I hate funerals. I’ve conducted hundreds of them while I was a minister at a church and not one person in attendance ever wanted to be there. Our family recently laid our 90-year-old mother to rest and none of us wanted to be there, either.
Funerals are awkward and depressing. No one knows what to say or what to do. Words seem so empty. Tears flow and we don’t know what to do with them. Death just sucks.
However, I’ve learned a few things by observation that might be helpful to you to help a friend or family member through a time of grieving. But before I give you helpful advice, will you promise me one thing? Never, oh, never, and I mean NEVER use any iteration of this phrase: “Well, God must have needed another (fill in the bank).” That phrase never makes the grieving person feel good and just paints God as some capricious deity who is willing to inflict pain on people for his own pleasure.

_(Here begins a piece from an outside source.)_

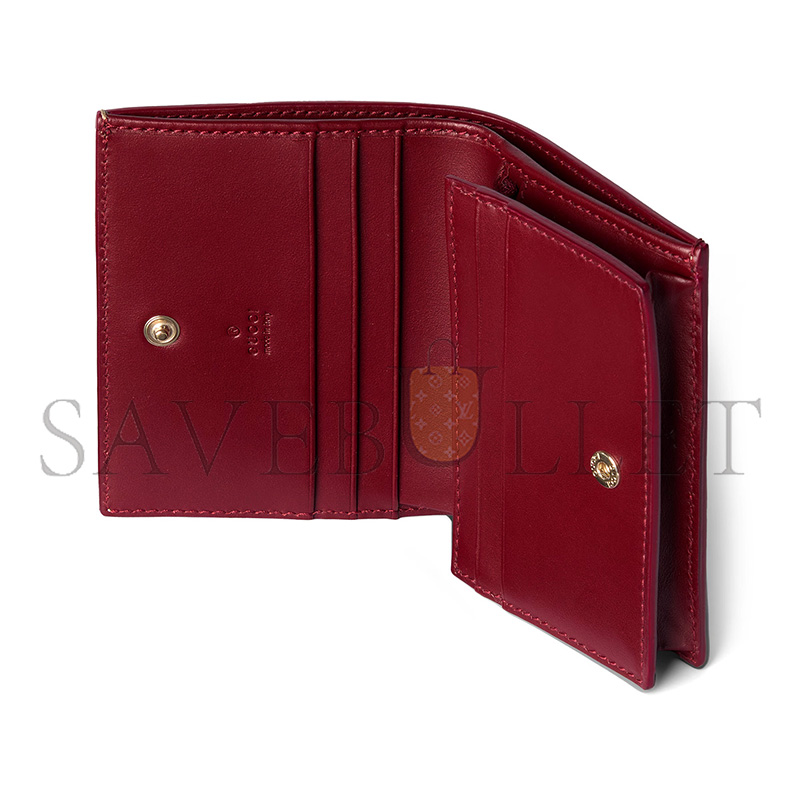 GUCCI GG SMALL WALLET WITH OWL DETAIL 818767 (11*8*3cm) GUCCI GG SMALL WALLET WITH OWL DETAIL 818767 (11*8*3cm)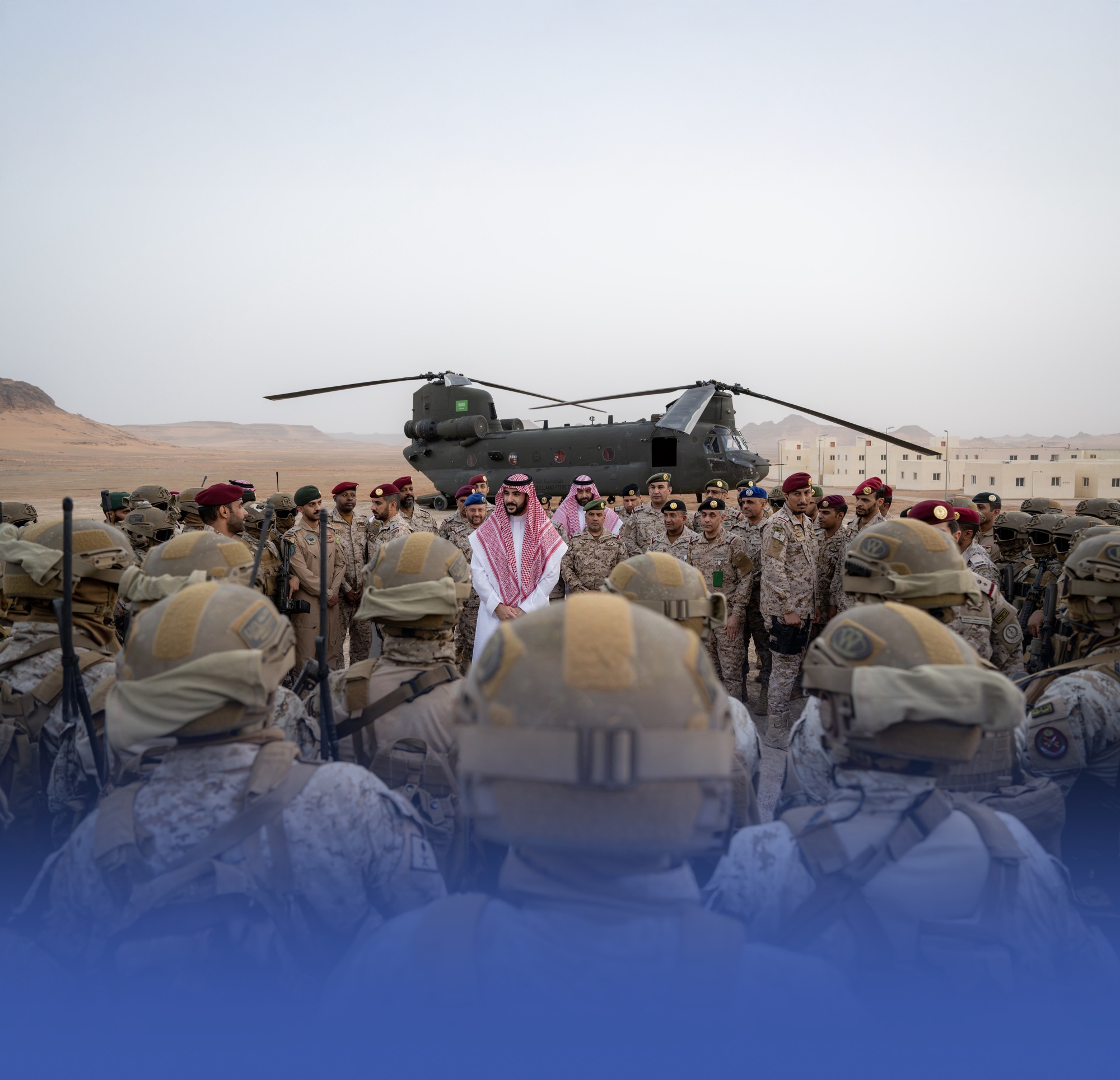 وزير الدفاع يشهد تمرين القوات الخاصة "النخبة"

Here are five things you can do that are incredibly helpful:
- Make contact: give the person or family a call, stop by the house, send them an email, or choose any other form of communication to reach out to them. There are no magic words you can say to make the pain go away, but simply saying, “I’m sorry for your loss” is a tremendous gift.
- Do something practical for them: take some food by the house, mow their lawn, offer to pick up someone from the airport, take their clothes to the cleaners.
- Attend the wake, viewing, or service if you can. I know it’s awkward and painful, but just your presence means the world to the family.
- Send an honorarium: It doesn’t have to be very large amount at all, but even $10 given in honor of the deceased is a way to warm a grieving person’s heart. Usually, the family chooses a memorial to which you can contribute, but even making a donation to a charity of your choice in honor of the deceased is a great gift to the grieving.
- Share your memories. I believe the best thing you can do for the grieving is to share your memories of the deceased. Our life is a story and is made up of stories. So begin a sentence with, “I remember when…” and share it verbally with them, send them a handwritten note or an email. And keep doing this for the next twenty or thirty years.
The kindest gift you can give anyone is to let them know they are not on this journey alone.